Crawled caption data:
*** Begin section ***

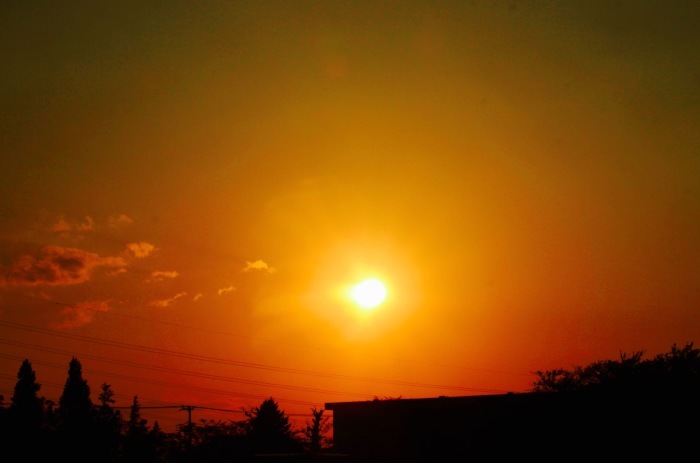 a0248459_16001104.jpg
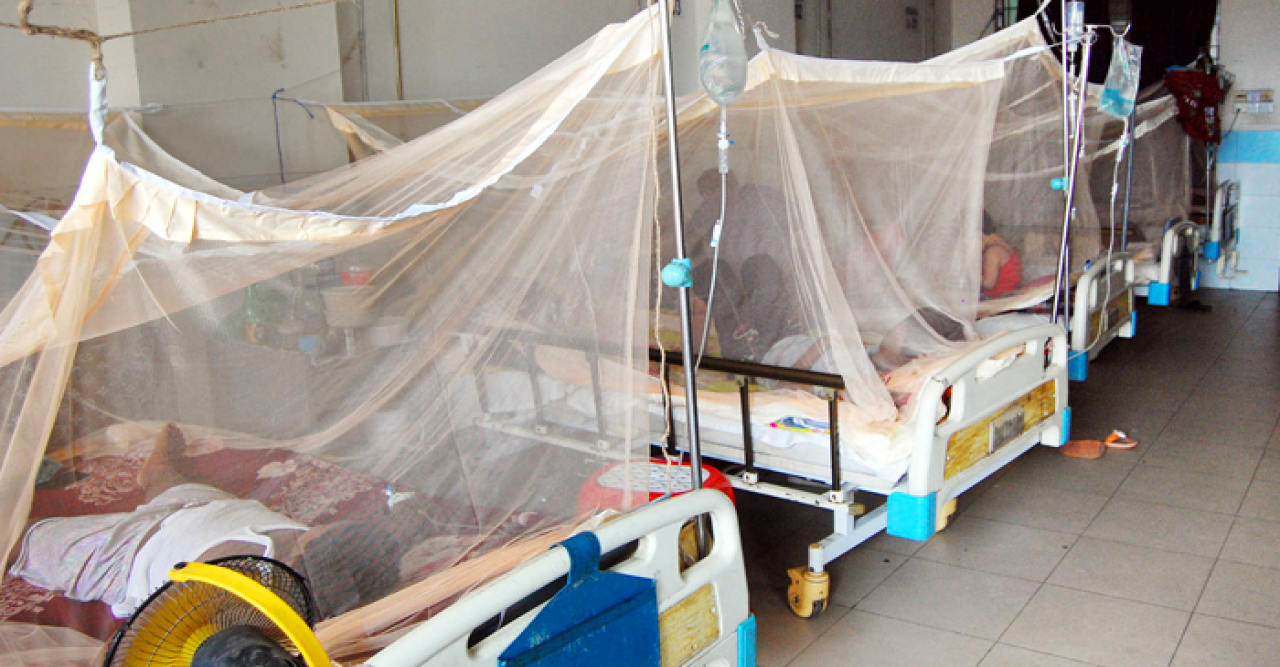 ডেঙ্গুতে গেল আরও ১৬ প্রাণ, হাসপাতালে ২৬০৮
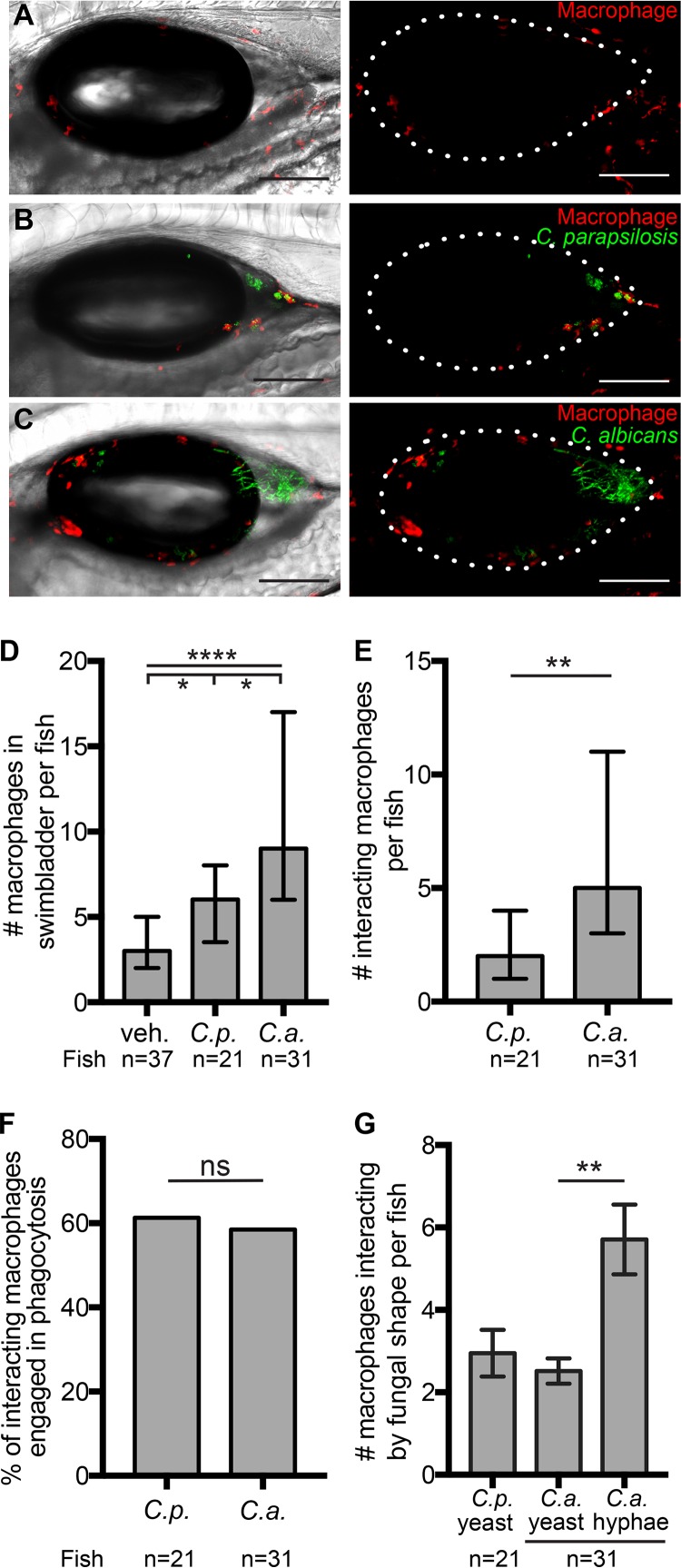 FIG 6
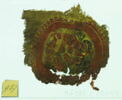 orbiculus ; fragment, image 2/2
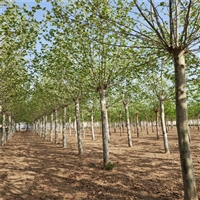 法桐胸径价格 29公分法桐价格 28公分法桐价格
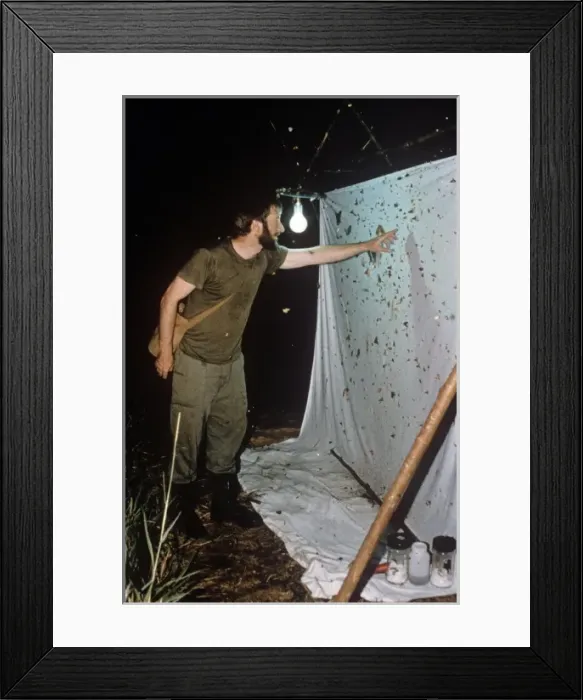 Framed Print : Collecting moths at light Framed Print : Collecting moths at light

*** End section ***

- _Description of the task_:
Drop the pictures and copy the data exactly.

- _Response area_:
 a0248459_16001104.jpg
 ডেঙ্গুতে গেল আরও ১৬ প্রাণ, হাসপাতালে ২৬০৮
 FIG 6
 orbiculus ; fragment, image 2/2
 法桐胸径价格 29公分法桐价格 28公分法桐价格
 Framed Print : Collecting moths at light Framed Print : Collecting moths at light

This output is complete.